Jeffers had replaced enigmatic forward Kanu with 19 minutes remaining and the game all square, after Tomasz Radzinski equalised Freddie Ljunberg’s early goal.
Rooney came on nine minutes after his friend, taking the place of Radzinski and harbouring the same intent as his fellow Blues Academy graduate Jeffers. The two men from Croxteth were set on being the matchwinner.
“You always believe that (you will score),” says Jeffers. “You are put on there to score goals.
“I remember it being a really emotional day. Emotions probably got the better of me, like they always did against Everton.
“It is my team and I was warming up for 60 minutes or so and getting plenty of stick off the fans – which hurt me.
“I always went onto the pitch believing I would score. But it didn’t quite happen. And a good friend of mine did score… the rest is history.”
Was there any part of Jeffers, as he saw the jubilant Rooney submerged by Blue shirts, that thought… it could have been me?
"Probably not at that time,” is Jeffers’ immediate response.
Then he considers the question more deeply. To try to make sense of his feelings on the day, he takes himself back to a time when he was still watching his team from the terraces.
“I am a big Evertonian. I was a season ticket holder, so any goal you score for Everton is special.
“Wayne is from a similar background to me, from ‘Crocky’, the same school, a season ticket holder… went all the games and was fanatical about the Club.
“So, there is always that bit – not jealousy – but you always think, ‘I know what that feeling is like, to score for Everton’… and there ain’t no feeling like it.
“Regardless of where I have played my football, scoring goals for Everton, there was no feeling like it. So, I would probably say I was a bit envious of him scoring a goal for Everton and watching the crowd go wild.”
The Arsenal team that fell foul of Rooney’s rare genius represented a veritable collection of first-class footballers.
Did Patrick Vieira, Thierry Henry, Ashley Cole, Ljungberg and Seaman et al take Everton lightly, then?

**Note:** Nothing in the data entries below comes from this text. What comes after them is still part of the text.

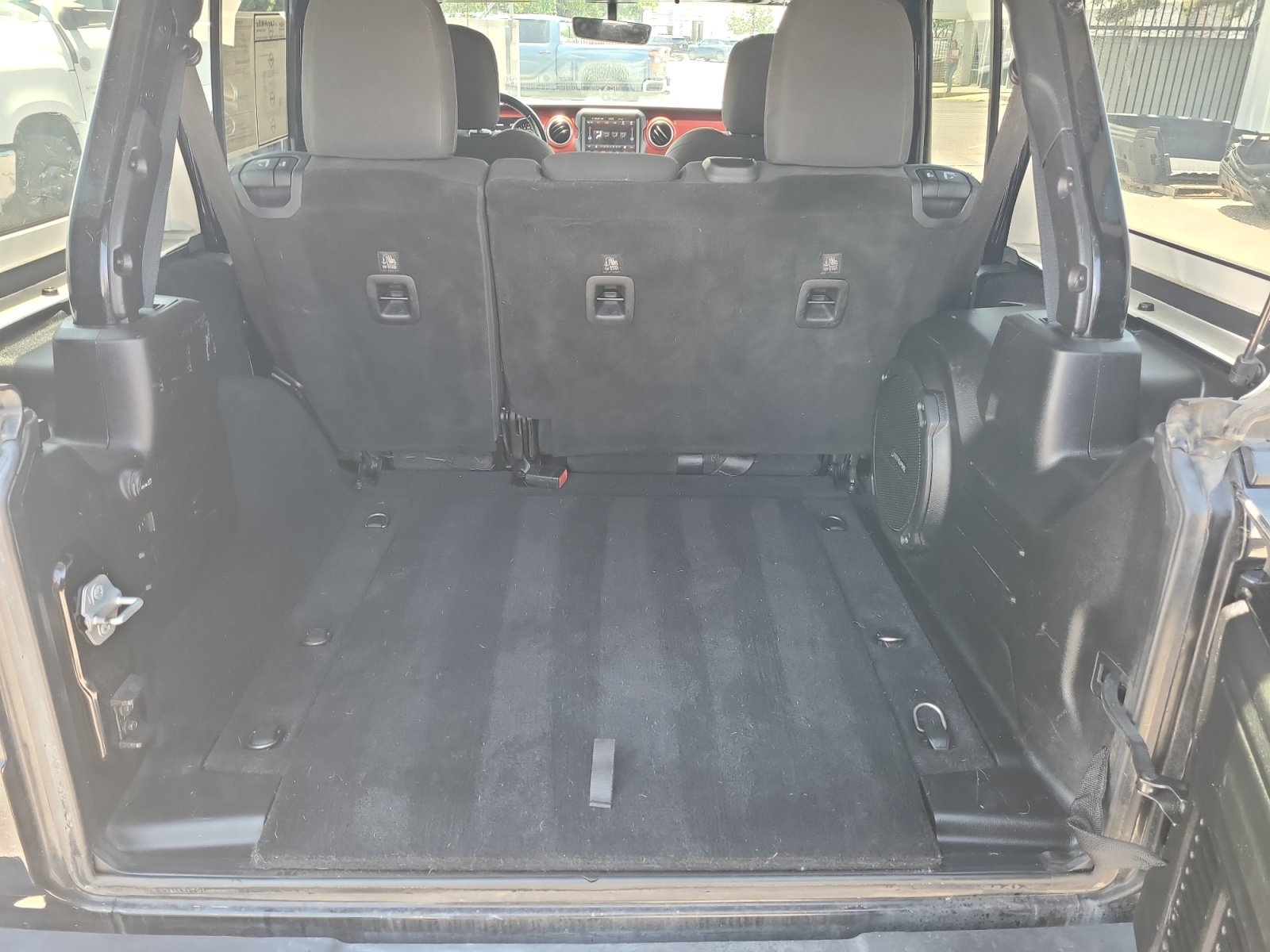 Used 2019 Jeep Wrangler Unlimited Rubicon AWD/4WD image 27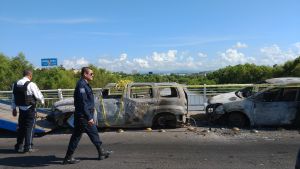Sönderskjuten och bränd bil efter striderna i Culiacán 18.10.2019 Sönderskjuten och bränd bil efter strider i Culiacán, Sinaloa i Mexiko 18.10.2019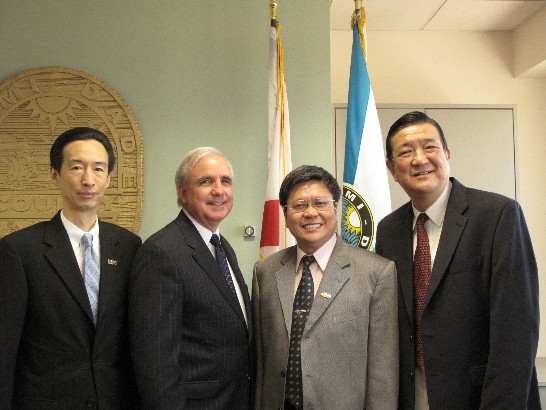 Secretary General of New Taipei City calls on Mayor Carlos Gimenez of Miami-Dade County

And had they overlooked the teenage ace up Toffees' manager David Moyes' sleeve?
“We had some great players in that team, so we did not really focus on the opposition,” says Jeffers.
“Arsene Wenger would have known about Wayne, though, because he studies football, he is obsessed with it.
“When I was playing for Everton and we were down at the wrong end of the table, some top clubs would come to Goodison and get beaten because it is that type of place. Once the fans get up and behind the team it is a difficult place to win.
“We were on a great run but you knew… if it was going to end somewhere it would be Goodison, because it is a tough place to go.
“It wasn’t just the crowd that day, the players were probably better than Arsenal’s. And for Wayne to pop up with the goal made it even more special, didn’t it?
“He believed in his own ability, you could see that by the way he dragged the ball down and curled it in the top corner. Most young lads would have been dragging it down and passing it on to the senior pros. That summed Wayne up."
Four months after Rooney landed his knockout blow on Arsenal, he was sharing a pitch with Jeffers once more.
The pair made their England debuts together in a friendly match against Australia.
“It was my only cap and I managed to get on the scoresheet,” says Everton's Under-23s coach Jeffers. “When I found out it was going to be me and Wayne playing together, it made the moment even more special.
“To play for England is always special but to know you are doing it with one of your mates, who is from the same area and went to the same school… it must have been a proud moment for the whole of Crocky, the schools we went to and our family and friends.
“And what he has gone on and achieved is absolutely phenomenal. I am proud of him.”